Reproduce the records below exactly, but only between the lines holding "Condo for sale" and "10303 Appalachian Cir", inclusive.
---------- Record extracts
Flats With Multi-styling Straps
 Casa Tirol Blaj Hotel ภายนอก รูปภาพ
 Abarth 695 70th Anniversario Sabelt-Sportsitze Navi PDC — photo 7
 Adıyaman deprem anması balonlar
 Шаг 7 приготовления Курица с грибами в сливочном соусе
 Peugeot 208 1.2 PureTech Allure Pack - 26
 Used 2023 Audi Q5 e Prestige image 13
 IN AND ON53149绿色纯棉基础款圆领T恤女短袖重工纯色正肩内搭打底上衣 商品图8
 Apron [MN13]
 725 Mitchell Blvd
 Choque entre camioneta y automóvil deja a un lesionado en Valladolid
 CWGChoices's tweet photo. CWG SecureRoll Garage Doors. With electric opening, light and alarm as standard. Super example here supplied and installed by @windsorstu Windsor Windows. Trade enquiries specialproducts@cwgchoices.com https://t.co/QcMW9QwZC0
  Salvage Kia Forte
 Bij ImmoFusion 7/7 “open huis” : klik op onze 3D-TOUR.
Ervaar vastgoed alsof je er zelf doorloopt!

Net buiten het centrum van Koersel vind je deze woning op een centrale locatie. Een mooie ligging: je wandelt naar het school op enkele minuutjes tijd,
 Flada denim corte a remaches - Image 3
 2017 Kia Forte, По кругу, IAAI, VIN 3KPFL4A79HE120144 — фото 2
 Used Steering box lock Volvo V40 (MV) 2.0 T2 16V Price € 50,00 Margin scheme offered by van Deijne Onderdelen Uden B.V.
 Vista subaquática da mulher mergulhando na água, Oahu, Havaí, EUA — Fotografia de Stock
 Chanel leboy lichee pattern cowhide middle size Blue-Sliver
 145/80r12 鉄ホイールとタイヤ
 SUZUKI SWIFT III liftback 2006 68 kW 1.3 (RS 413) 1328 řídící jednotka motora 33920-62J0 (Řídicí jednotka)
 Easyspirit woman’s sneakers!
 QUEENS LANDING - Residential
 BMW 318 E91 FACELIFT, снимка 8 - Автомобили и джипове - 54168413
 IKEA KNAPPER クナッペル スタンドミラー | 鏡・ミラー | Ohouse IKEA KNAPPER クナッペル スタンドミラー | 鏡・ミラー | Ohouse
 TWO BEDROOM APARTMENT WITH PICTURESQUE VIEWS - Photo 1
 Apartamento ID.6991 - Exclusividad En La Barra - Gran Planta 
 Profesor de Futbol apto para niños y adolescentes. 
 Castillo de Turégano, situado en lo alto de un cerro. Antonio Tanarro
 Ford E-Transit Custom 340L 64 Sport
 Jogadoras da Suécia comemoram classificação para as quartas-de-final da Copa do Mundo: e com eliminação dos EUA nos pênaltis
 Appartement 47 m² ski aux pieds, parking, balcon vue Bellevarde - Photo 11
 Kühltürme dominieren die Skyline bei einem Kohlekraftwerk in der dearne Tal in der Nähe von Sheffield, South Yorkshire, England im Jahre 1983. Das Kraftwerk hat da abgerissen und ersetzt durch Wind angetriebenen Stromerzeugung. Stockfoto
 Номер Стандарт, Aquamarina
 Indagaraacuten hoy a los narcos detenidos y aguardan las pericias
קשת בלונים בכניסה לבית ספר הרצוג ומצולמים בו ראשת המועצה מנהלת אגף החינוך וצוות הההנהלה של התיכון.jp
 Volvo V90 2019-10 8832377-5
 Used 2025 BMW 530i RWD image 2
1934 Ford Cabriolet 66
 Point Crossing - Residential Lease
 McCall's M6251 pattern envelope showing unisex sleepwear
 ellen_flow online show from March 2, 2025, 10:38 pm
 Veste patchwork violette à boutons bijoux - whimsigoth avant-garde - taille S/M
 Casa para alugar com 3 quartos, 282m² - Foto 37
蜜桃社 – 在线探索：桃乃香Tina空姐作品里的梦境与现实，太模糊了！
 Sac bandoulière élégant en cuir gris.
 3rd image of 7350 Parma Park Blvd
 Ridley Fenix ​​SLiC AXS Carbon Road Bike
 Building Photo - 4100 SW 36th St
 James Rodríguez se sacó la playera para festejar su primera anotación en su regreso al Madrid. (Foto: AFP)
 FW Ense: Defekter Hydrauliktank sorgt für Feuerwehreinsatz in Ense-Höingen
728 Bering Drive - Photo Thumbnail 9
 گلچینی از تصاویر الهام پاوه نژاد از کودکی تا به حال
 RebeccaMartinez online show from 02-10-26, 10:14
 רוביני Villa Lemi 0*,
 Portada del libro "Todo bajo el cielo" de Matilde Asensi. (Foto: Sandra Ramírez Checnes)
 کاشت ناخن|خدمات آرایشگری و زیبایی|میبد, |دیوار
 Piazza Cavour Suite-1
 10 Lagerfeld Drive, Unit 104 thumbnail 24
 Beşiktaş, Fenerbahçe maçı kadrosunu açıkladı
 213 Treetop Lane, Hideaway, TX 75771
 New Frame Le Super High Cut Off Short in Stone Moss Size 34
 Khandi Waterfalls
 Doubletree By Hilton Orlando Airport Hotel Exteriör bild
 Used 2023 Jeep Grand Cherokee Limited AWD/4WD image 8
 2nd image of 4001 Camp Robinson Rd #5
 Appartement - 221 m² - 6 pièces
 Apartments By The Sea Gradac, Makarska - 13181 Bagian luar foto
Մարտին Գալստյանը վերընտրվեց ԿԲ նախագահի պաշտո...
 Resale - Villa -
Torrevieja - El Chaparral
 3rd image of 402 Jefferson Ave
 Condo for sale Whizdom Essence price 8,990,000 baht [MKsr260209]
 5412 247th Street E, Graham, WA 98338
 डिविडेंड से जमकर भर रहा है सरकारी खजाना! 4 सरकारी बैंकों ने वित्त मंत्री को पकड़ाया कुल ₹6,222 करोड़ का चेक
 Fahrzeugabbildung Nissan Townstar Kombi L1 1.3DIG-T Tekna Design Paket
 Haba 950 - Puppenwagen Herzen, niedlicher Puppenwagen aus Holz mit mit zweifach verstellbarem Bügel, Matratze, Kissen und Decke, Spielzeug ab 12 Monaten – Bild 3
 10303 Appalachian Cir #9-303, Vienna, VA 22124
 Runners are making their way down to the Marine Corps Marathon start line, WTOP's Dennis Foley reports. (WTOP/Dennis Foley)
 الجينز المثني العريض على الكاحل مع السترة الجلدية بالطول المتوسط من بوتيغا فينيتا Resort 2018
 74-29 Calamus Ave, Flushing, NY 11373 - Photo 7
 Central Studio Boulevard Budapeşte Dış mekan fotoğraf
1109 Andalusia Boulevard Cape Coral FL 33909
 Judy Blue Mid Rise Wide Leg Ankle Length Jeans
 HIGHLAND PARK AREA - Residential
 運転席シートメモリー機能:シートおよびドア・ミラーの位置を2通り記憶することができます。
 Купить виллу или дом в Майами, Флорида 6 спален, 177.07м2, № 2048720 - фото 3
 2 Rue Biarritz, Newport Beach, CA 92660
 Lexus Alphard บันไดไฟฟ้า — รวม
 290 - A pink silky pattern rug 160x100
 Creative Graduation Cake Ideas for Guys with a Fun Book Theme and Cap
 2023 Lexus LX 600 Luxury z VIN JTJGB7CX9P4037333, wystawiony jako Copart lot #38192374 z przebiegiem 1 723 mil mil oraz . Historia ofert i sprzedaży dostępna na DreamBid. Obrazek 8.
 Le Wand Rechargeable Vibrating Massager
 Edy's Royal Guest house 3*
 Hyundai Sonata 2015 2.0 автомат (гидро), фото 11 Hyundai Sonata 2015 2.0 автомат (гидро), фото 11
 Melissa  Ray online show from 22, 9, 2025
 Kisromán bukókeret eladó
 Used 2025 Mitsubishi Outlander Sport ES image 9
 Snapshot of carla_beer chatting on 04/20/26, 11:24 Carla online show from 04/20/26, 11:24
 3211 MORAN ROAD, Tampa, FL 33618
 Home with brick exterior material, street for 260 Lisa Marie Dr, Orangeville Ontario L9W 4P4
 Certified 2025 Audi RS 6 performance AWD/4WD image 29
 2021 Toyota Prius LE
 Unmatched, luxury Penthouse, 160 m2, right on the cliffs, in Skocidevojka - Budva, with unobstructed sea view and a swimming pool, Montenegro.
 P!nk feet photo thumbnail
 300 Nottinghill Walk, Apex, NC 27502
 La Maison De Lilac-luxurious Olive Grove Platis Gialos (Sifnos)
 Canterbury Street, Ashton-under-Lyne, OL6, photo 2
--------------------
Finished exercise:
 Condo for sale Whizdom Essence price 8,990,000 baht [MKsr260209]
 5412 247th Street E, Graham, WA 98338
 डिविडेंड से जमकर भर रहा है सरकारी खजाना! 4 सरकारी बैंकों ने वित्त मंत्री को पकड़ाया कुल ₹6,222 करोड़ का चेक
 Fahrzeugabbildung Nissan Townstar Kombi L1 1.3DIG-T Tekna Design Paket
 Haba 950 - Puppenwagen Herzen, niedlicher Puppenwagen aus Holz mit mit zweifach verstellbarem Bügel, Matratze, Kissen und Decke, Spielzeug ab 12 Monaten – Bild 3
 10303 Appalachian Cir #9-303, Vienna, VA 22124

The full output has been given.